Creo que lo realmente malo no es el error, sino la ofuscación. Creo que el ser humano, cada uno de nosotros, tiene la obligación y la responsabilidad de intentar discernir qué es lo que funciona y lo que no funciona en sus ocupaciones habituales. Porque vender un método que no funciona es engañar a las personas que uno tiene delante, y la mentira es algo muy feo. Creo que es una obligación personal informarse (y formarse) cuando uno se dedica a ello. Y también es una obligación reconocer el error y reparar. Aunque iré más lejos: saber que algo no funciona y callar es más feo todavía. Y rajar del jefe fundamentalista a su espalda mientras se le sonríe a la cara, y a su vez callar ante padres y alumnos a sabiendas de que el método no funciona, ya ni os cuento: todo eso equivale además a engañarse a sí mismo, algo más feo todavía... Y no sigo.

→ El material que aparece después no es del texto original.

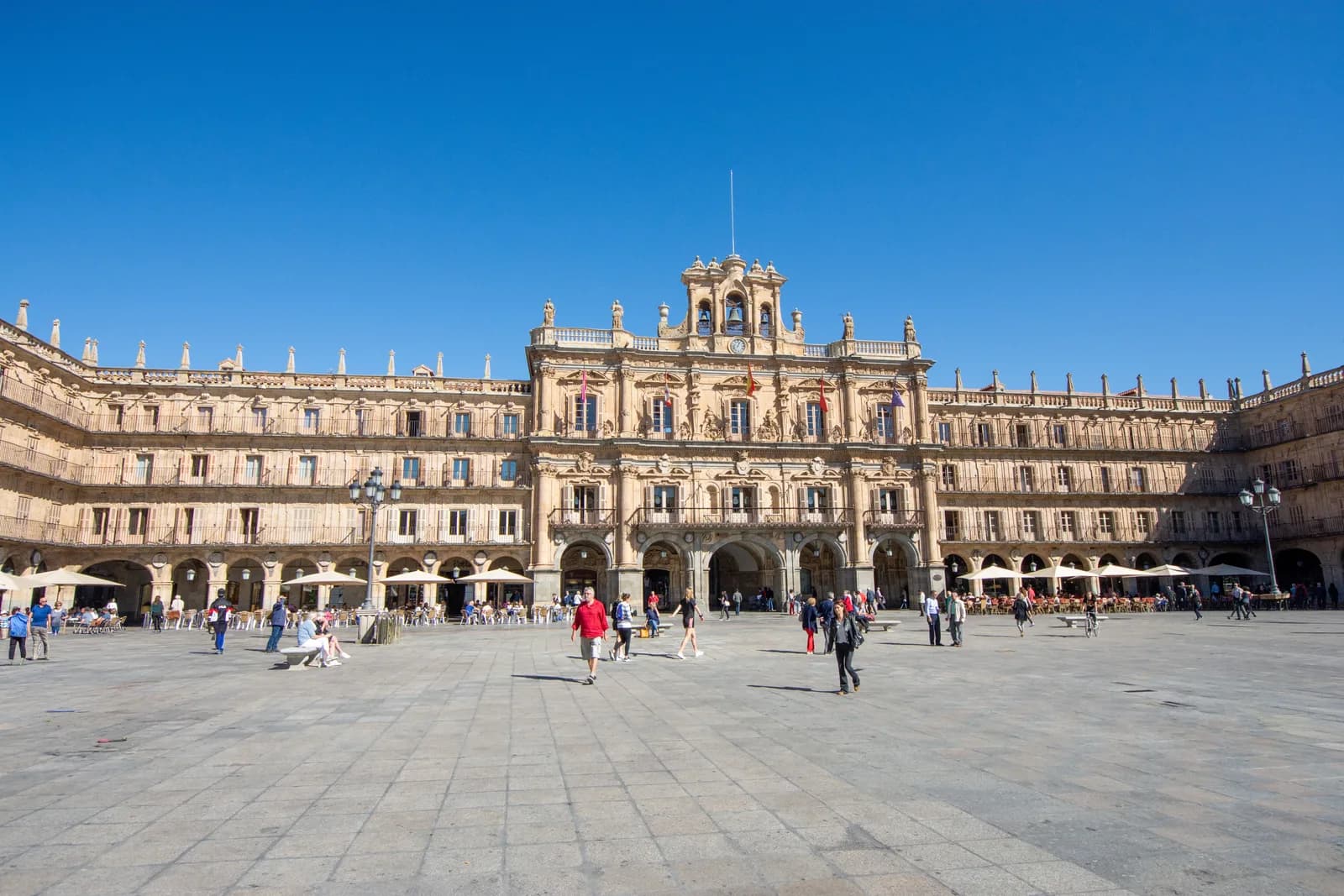 La Plaza Mayor de Salamanque, sa façade baroque en pierre dorée et ses arcades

Porque, para concluir, creo que es necesario ser honesto. Y especialmente los profesores tenemos que procurar ser honestos: nuestra responsabilidad es muy grande. Pero no hace falta firmar un código deontológico ni hacer un juramento hipocrático. Basta con formarse, leer, pensar las cosas, discernir antes de decidir, comprobar si es necesario, rectificar dando la cara si no vimos antes el error,... Creo que todo ello es una responsabilidad personal. Son actividades humanas “de siempre”, actividades “mentales” de corte “intelectual”. Por mal que suenen en nuestro mundo posmoderno, esas actividades se resumen en “cultivarse” o “adquirir criterio”. Creo que nunca será honesto quien no se esfuerza en adquirir un criterio fundamentando en el conocimiento que es de su competencia. Sin “criterio” ni “conocimiento”, quizá alguien llegue a ser “auténtico”. Pero será una autenticidad fraudulenta. Y, por tanto, deshonesta. Aunque las intenciones sean las mejores. 

En definitiva, para que todos lo entiendan, lo resumiré de la forma más simple: para no caer en los extremos basta con buscar honestamente la verdad, una obligación de todo ser humano.